◆ WHAT YOU SHOULD DO ◆
With pictures removed, output every record below exactly as written.

────────────────────

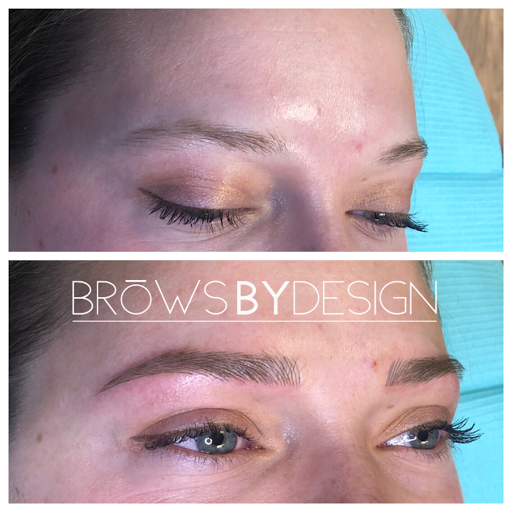 Brows by Design
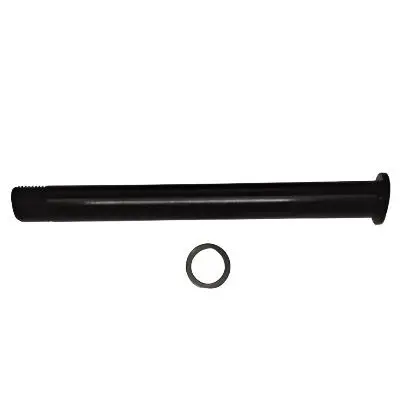 Axle Front Giant Thru Axle 15X110mm Crest My21+ 1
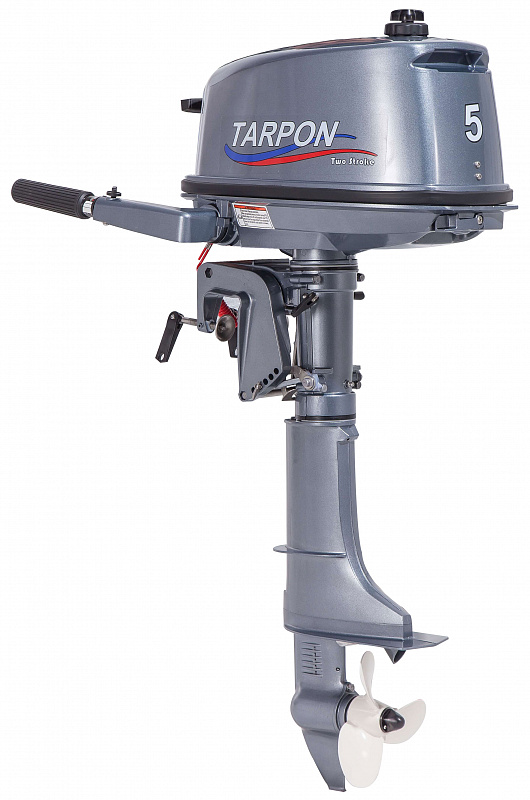 Лодочный мотор SEA-PRO T 5S TARPON в Нижнем Тагиле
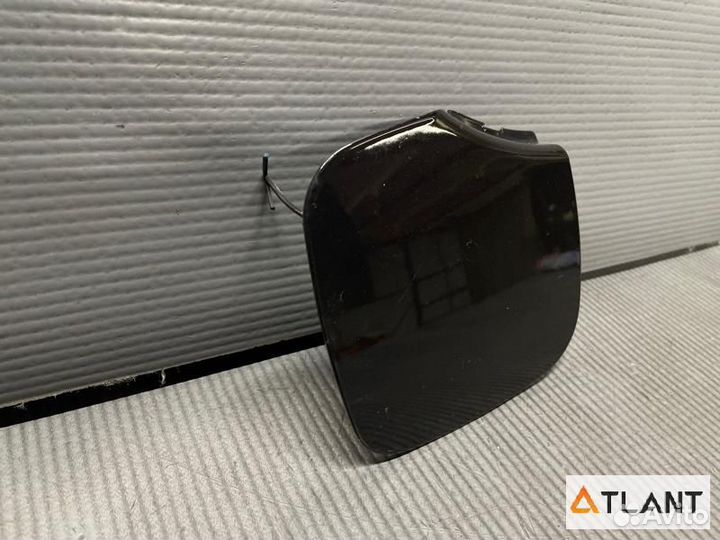 Заглушка бампера передняя nissan march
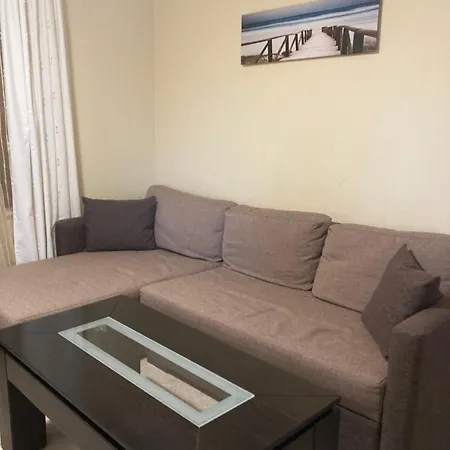 Apartment Santa Marina, One Bedroom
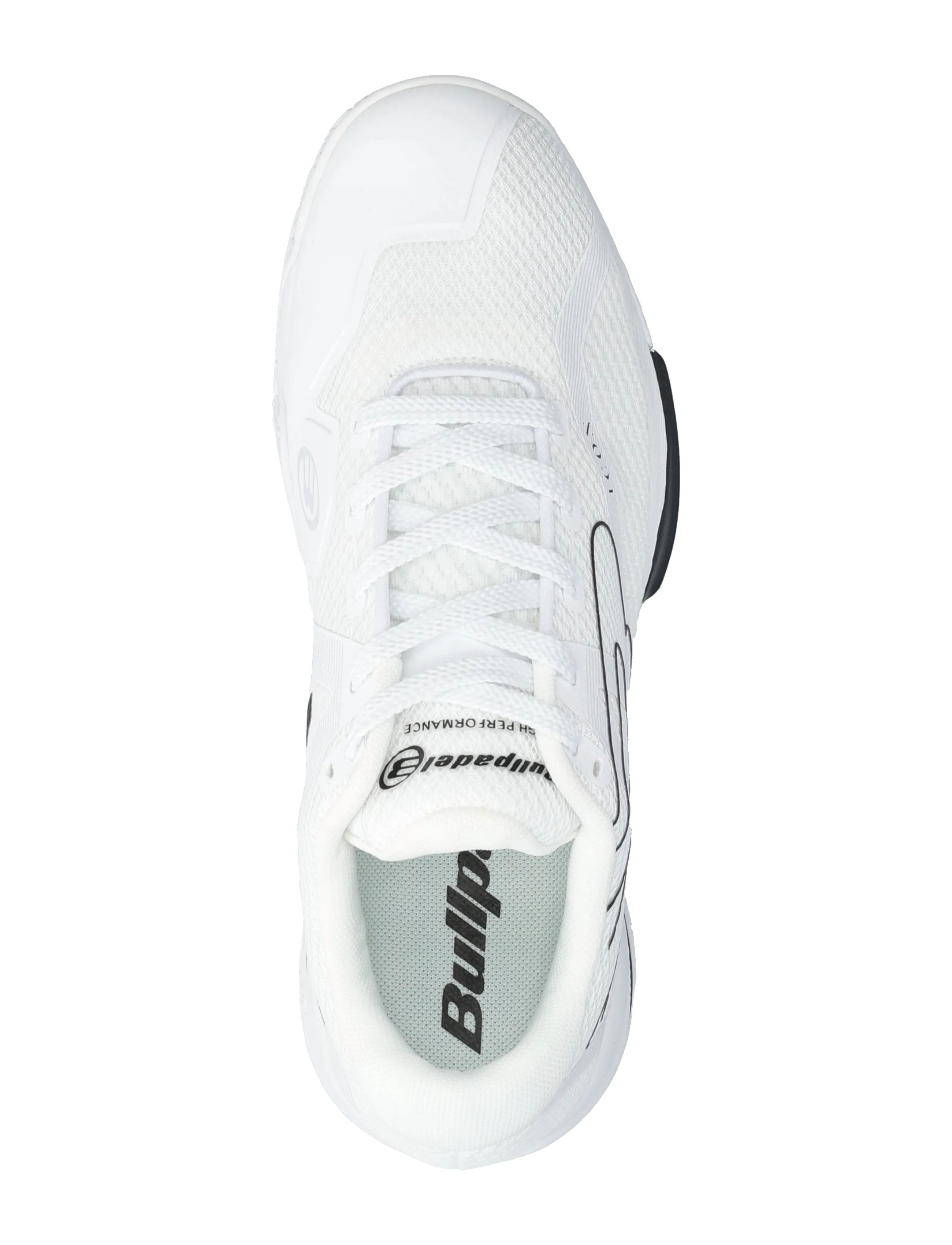 Bullpadel - ICON 25I - 012 blanco - 3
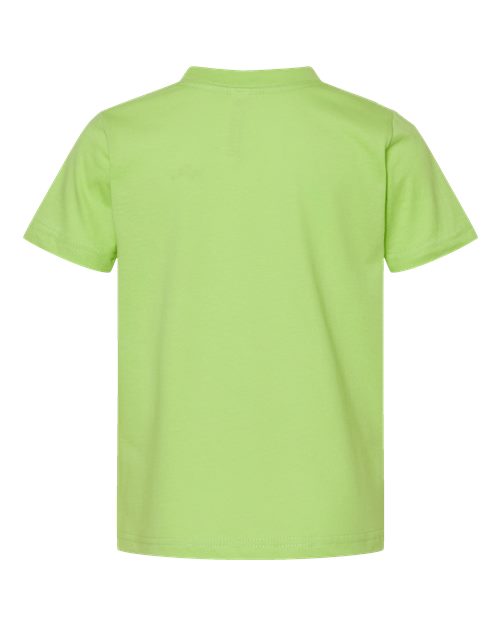 Rabbit Skins 3321 Key Lime — back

────────────────────

◆ RESULT FOR THIS TASK ◆
 Brows by Design
 Axle Front Giant Thru Axle 15X110mm Crest My21+ 1
 Лодочный мотор SEA-PRO T 5S TARPON в Нижнем Тагиле
 Заглушка бампера передняя nissan march
 Apartment Santa Marina, One Bedroom
 Bullpadel - ICON 25I - 012 blanco - 3
 Rabbit Skins 3321 Key Lime — back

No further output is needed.